The only difference between the hell of the annihilationist
and the coarse hell of medieval theologians consists in the duration of the
sinner's misery. And yet, while we are told that reason and conscience and
natural affection, and our apprehension of the character of God, revolt against
the belief in eternal punishment, we are to be satisfied with belief in ages of
torment for the sinner, albeit the only possible explanation of hell,
consistently with Divine love, is no longer applicable. If there be some
necessity of which we know nothing, why fallen beings should continue to exist,
then we can understand the Devil's presence in Eden and the fact of an eternal
hell; but if the theories of conditional immortality be accepted, the
continuance of evil in this world is no longer an intellectual difficulty only,
but a moral difficulty of the gravest kind, and hell stands out as a hideous
exhibition of wanton and remorseless wrath.

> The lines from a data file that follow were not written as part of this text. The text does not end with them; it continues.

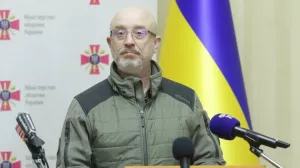 Резников показал кусок водопроводной трубы под видом «сбитого российского «Кинжала» (Баранец объяснил, зачем Киев выдал трубу за перехваченный "Кинжал" )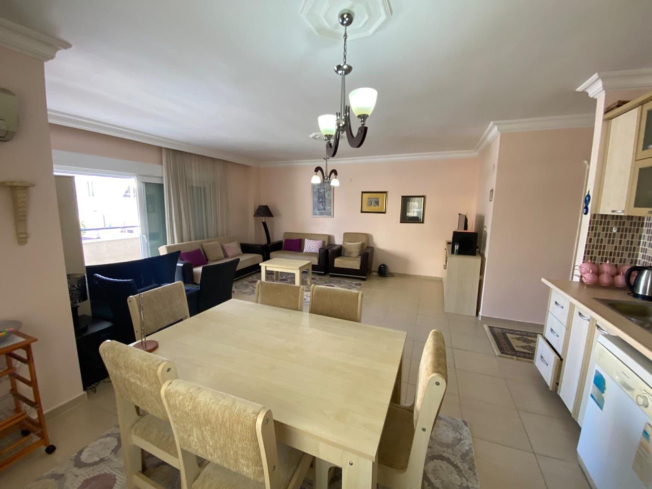 Просторная меблированная 2+1 в Махмутларе — в 300 метрах от моря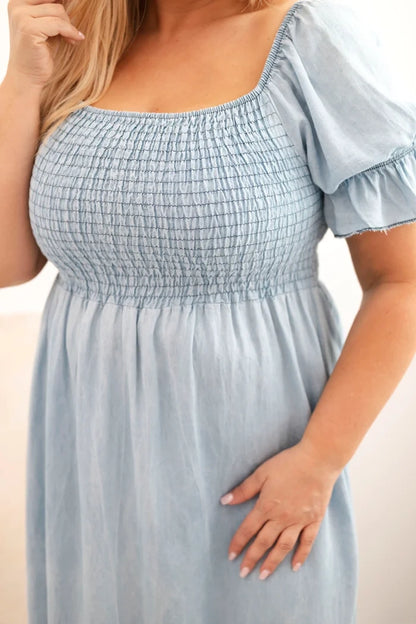 Dámske šaty plus size s krátkym rukávom a riasením z tencelu maxi svetlo džínsová univerzálne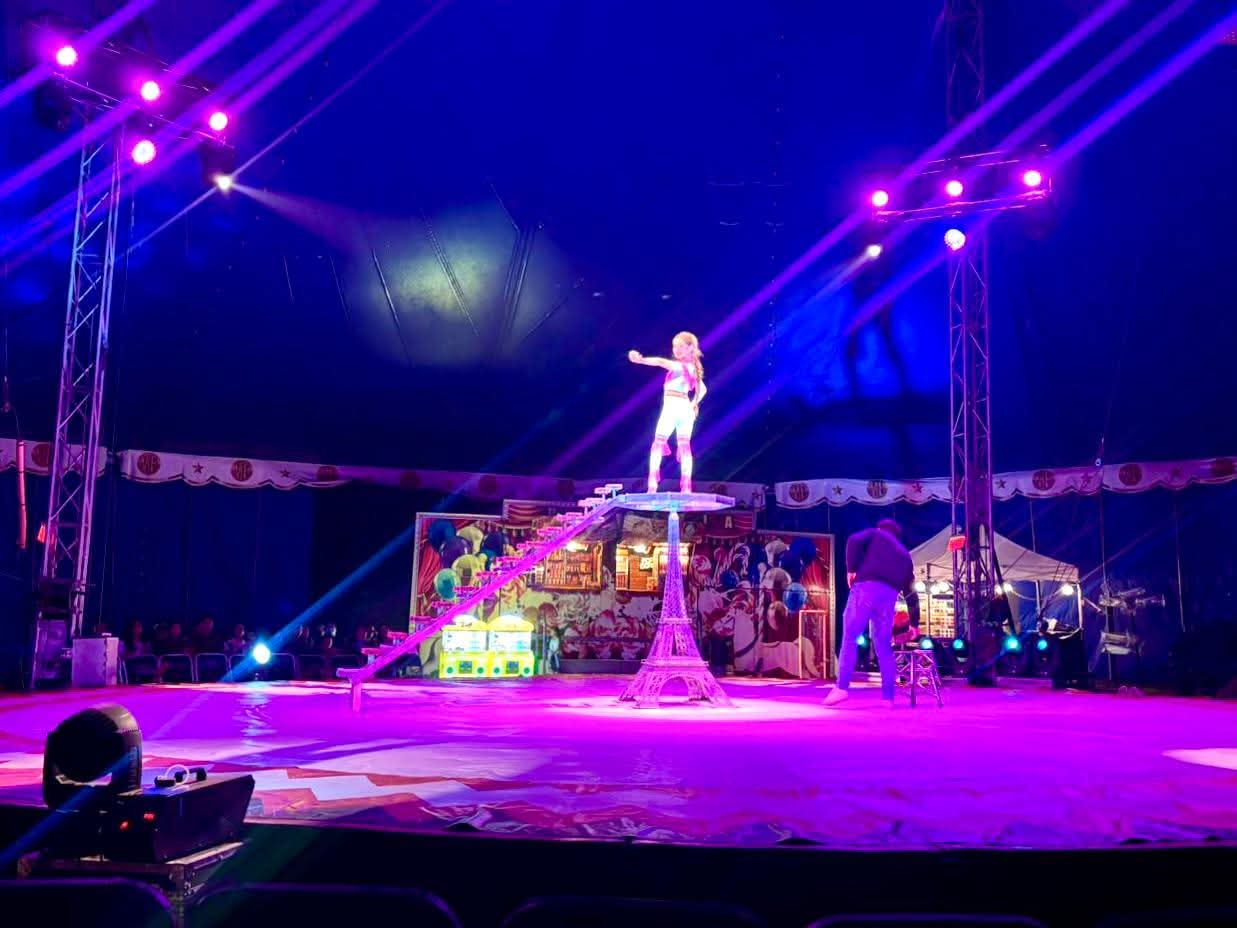 Niñas y niños del SEDIF disfrutan show del Circo Atayde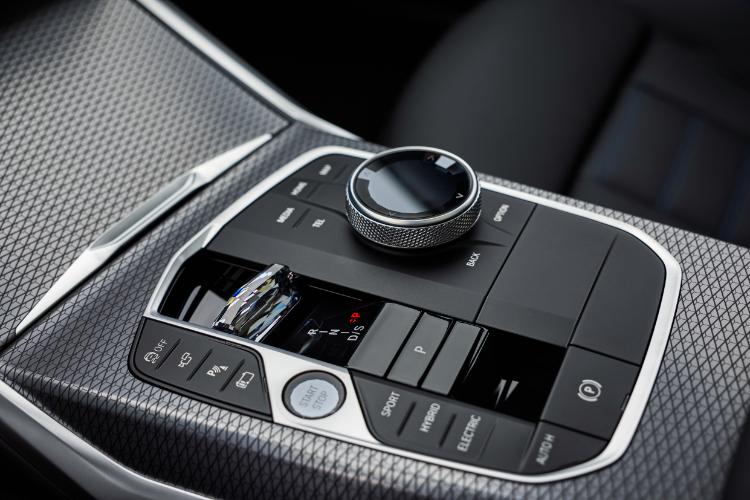 2025-bmw-serije-3-dobija-vise-snage-i-azuriran-izgled-43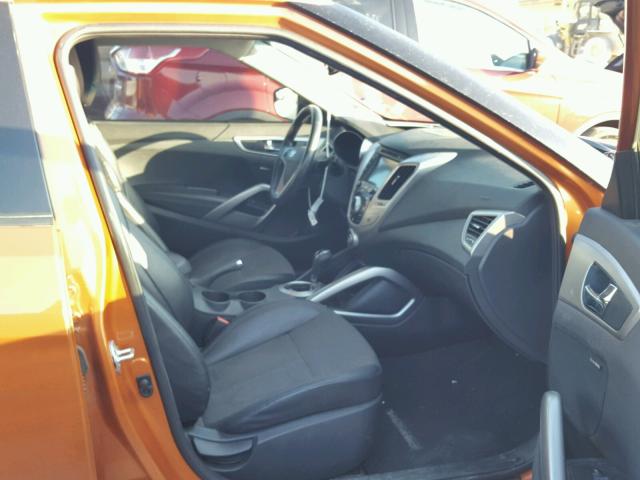 KMHTC6AD0FU233981 - 2015 HYUNDAI VELOSTER B ORANGE photo 5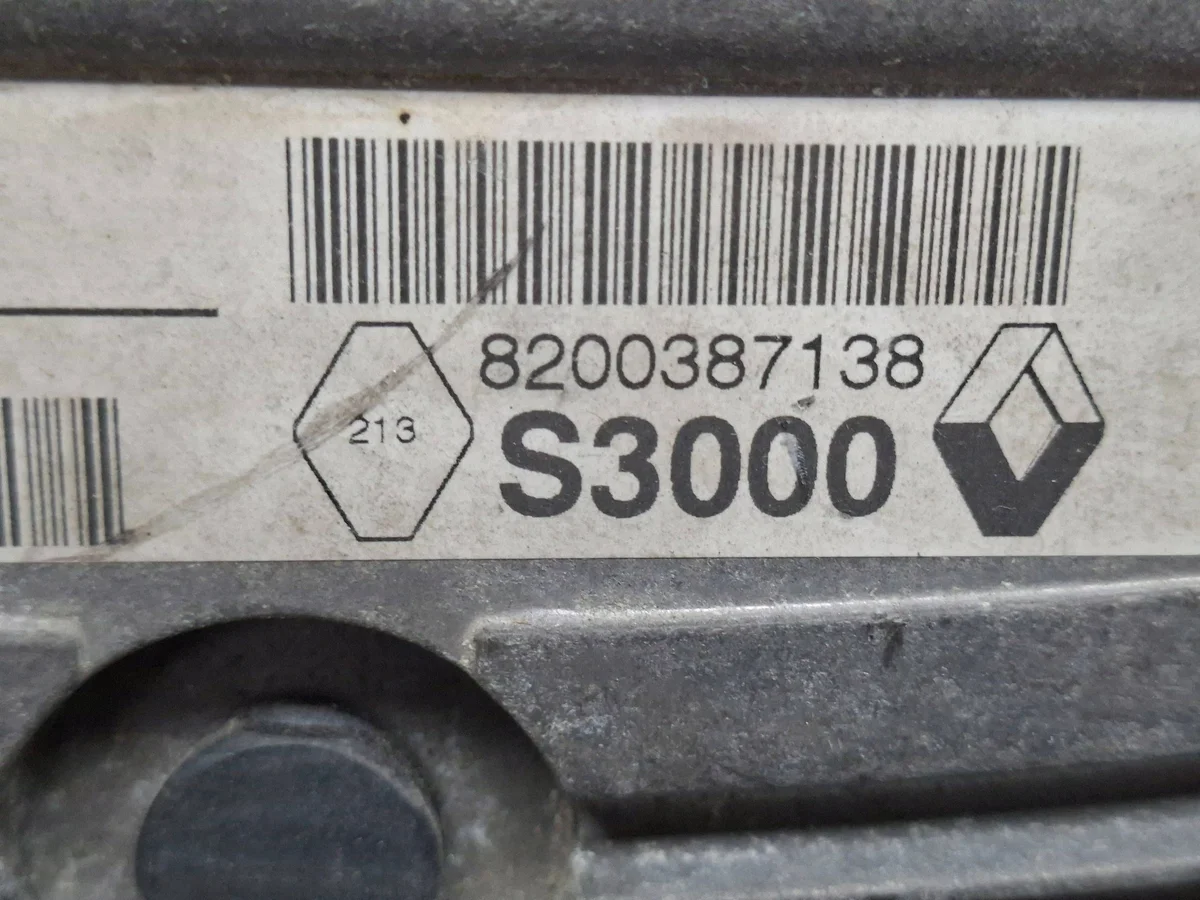 Steuergerät Motor 8200387138 Renault Megane II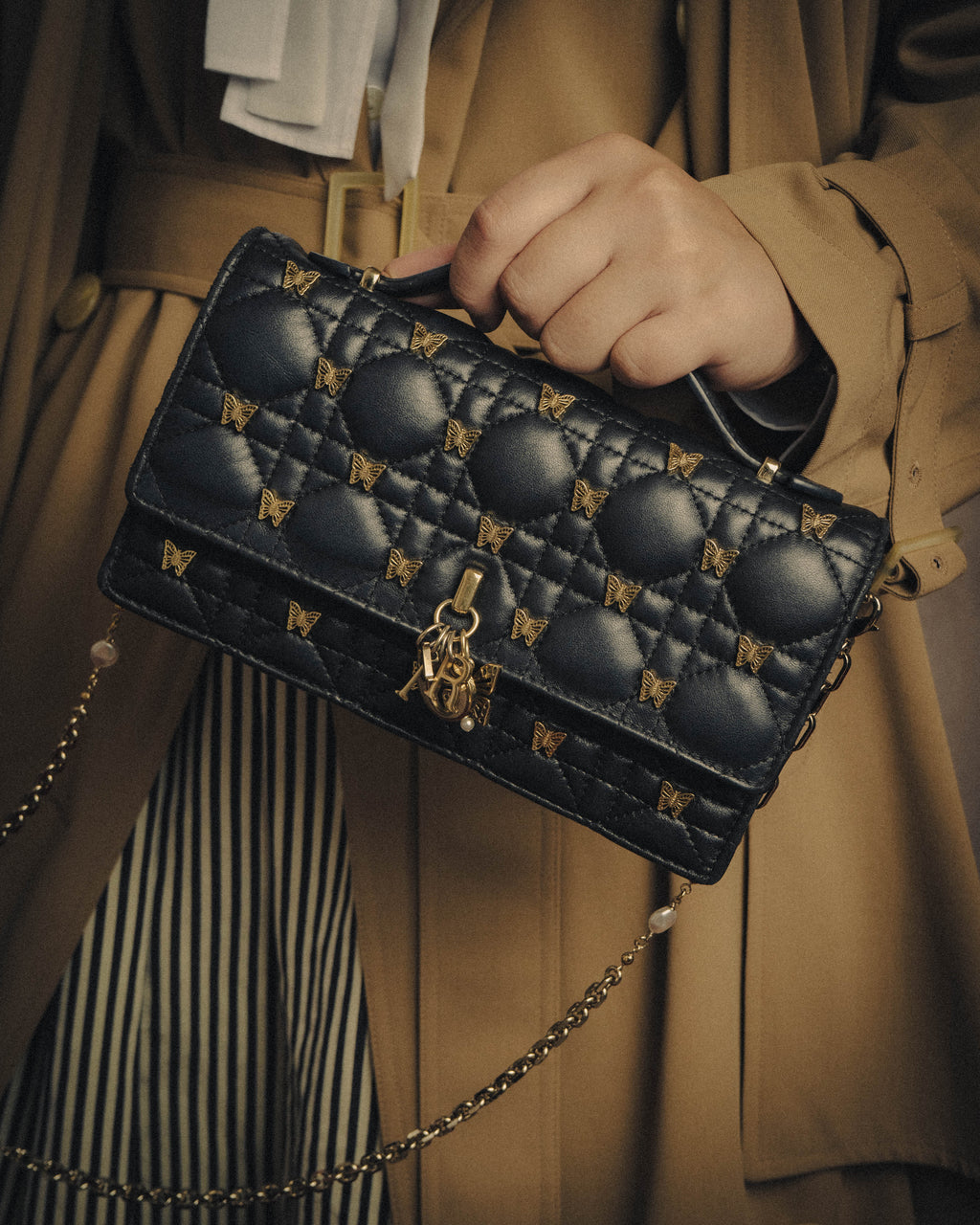 -SPECIAL- “Christian Dior” 2016 onwards butterfly cannage chain shoulder bag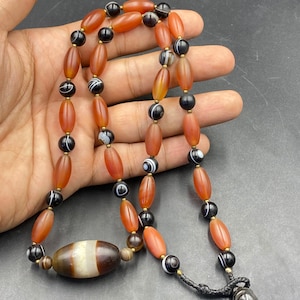 Very lovely old antique Tibetan bead necklace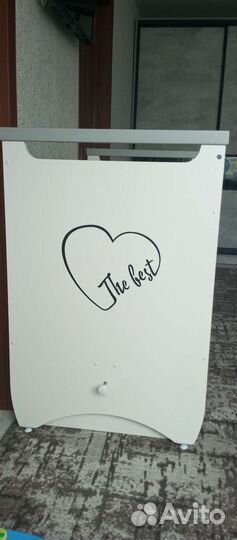 Детская кроватка с маятником и ящиком + комод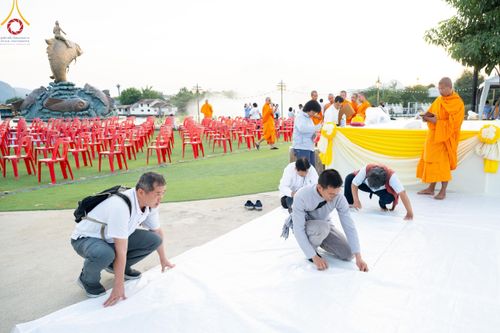 ภาพ No.185558:V.47 เบื้องหลังของเบื้องหน้า งานตักบาตรพระ 10,000 รูป ณ จ.กาญจนบุรี วันที่ 20-21 ธันวาคม พ.ศ. 2567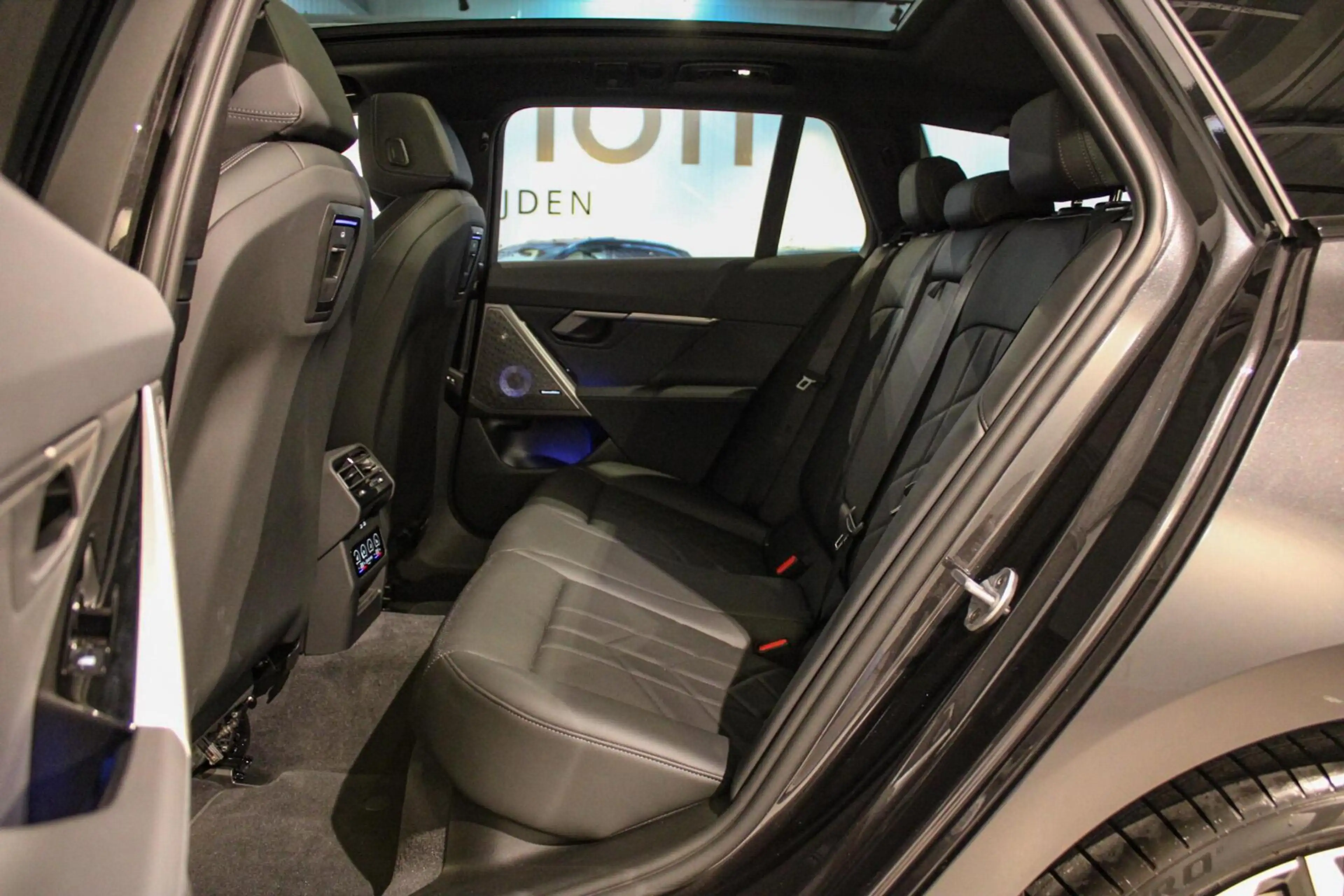 BMW 550 5-serie Touring 550e xDrive B&W | PANO | 4w-bestur — photo 13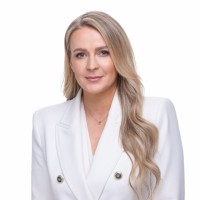 Laura Saar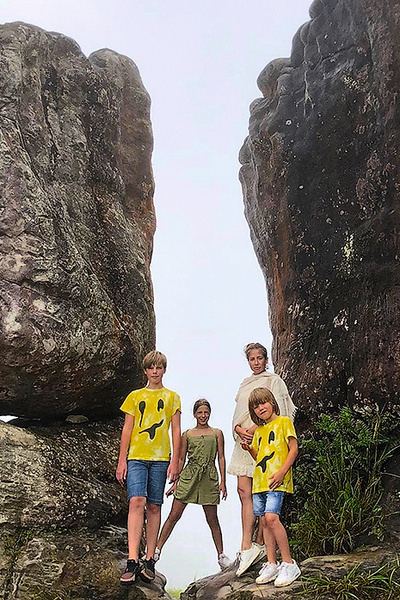 В Камбодже телеведущая с детьми взбиралась на Слоновьи горы...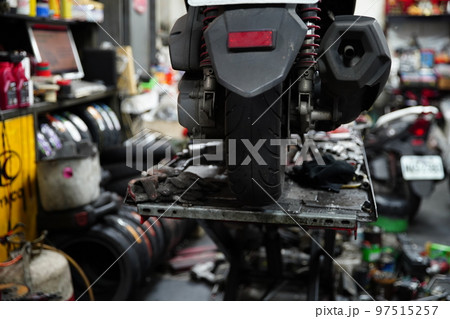 修理 治す 固定 97515257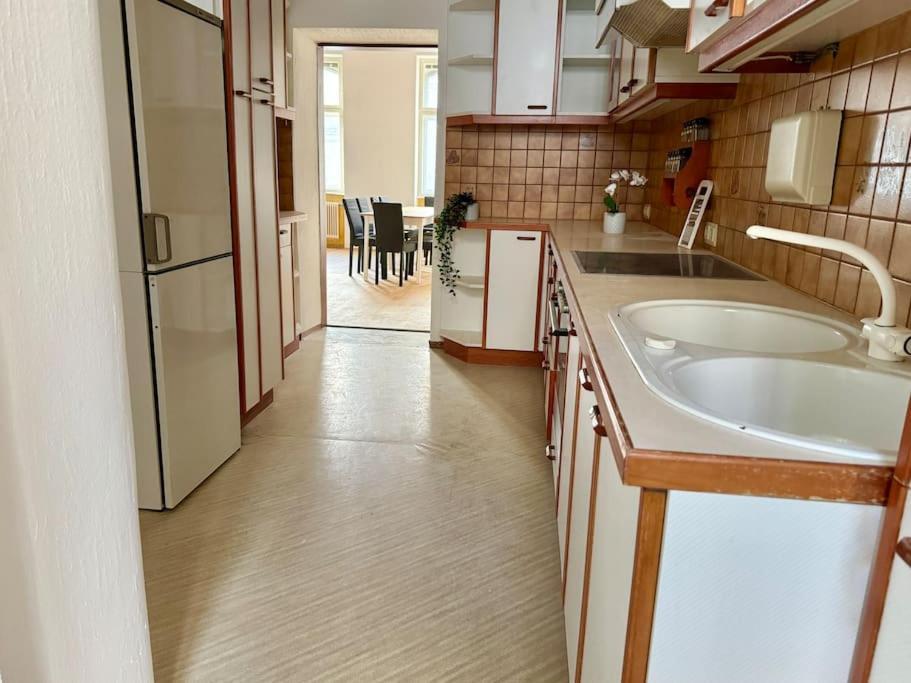110 M2 Sunny & Long Term - Free Parking Apartment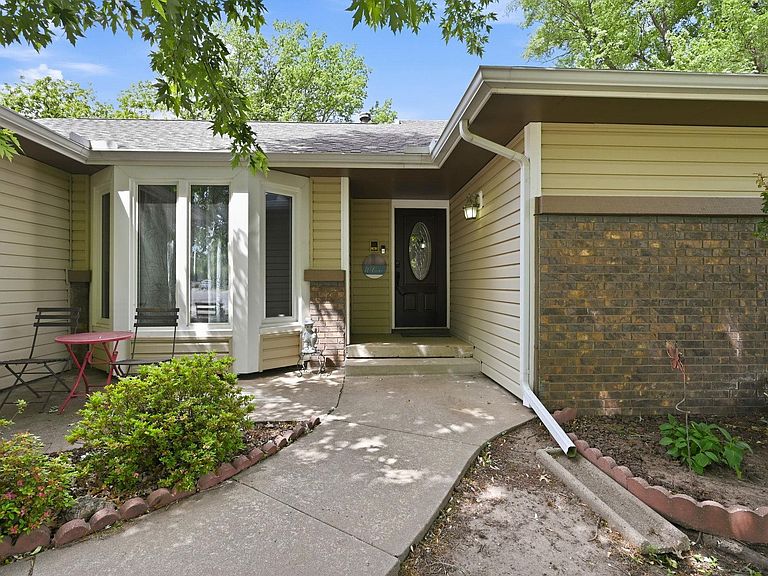 Listing photo 5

What then is the cost at which
the theories of the annihilationist may be accepted as an article of the
Christian faith? First, we must assume that death is extinction of being, which
the Scripture unequivocally teaches it is not. Next, we must believe that God's
first solemn warning against sin was an idle threat, which He had no intention
of fulfilling; and that the truest word spoken to Adam was that which, for six
thousand years, men have called "the Devil's lie," " Ye shall not surely die."
More than this, we must recognise that the death of Christ was the destruction
of His humanity, and His resurrection a piece of transcendental jugglery to
conceal the Devil's triumph and deceive the saints of God, who for eighteen
centuries have believed that the Blessed One Who wept at the grave of Lazarus,
and sat travel-soiled and weary at Sychar's well, was upon the Father's throne
as MAN, whereas His manhood perished upon Calvary, and He is no longer Man but
only God. And all this mingled folly and error must be accepted, forsooth, to
screen the reputation of Almighty God, now endangered by our belief in hell in
the midst of nineteenth-century enlightenment!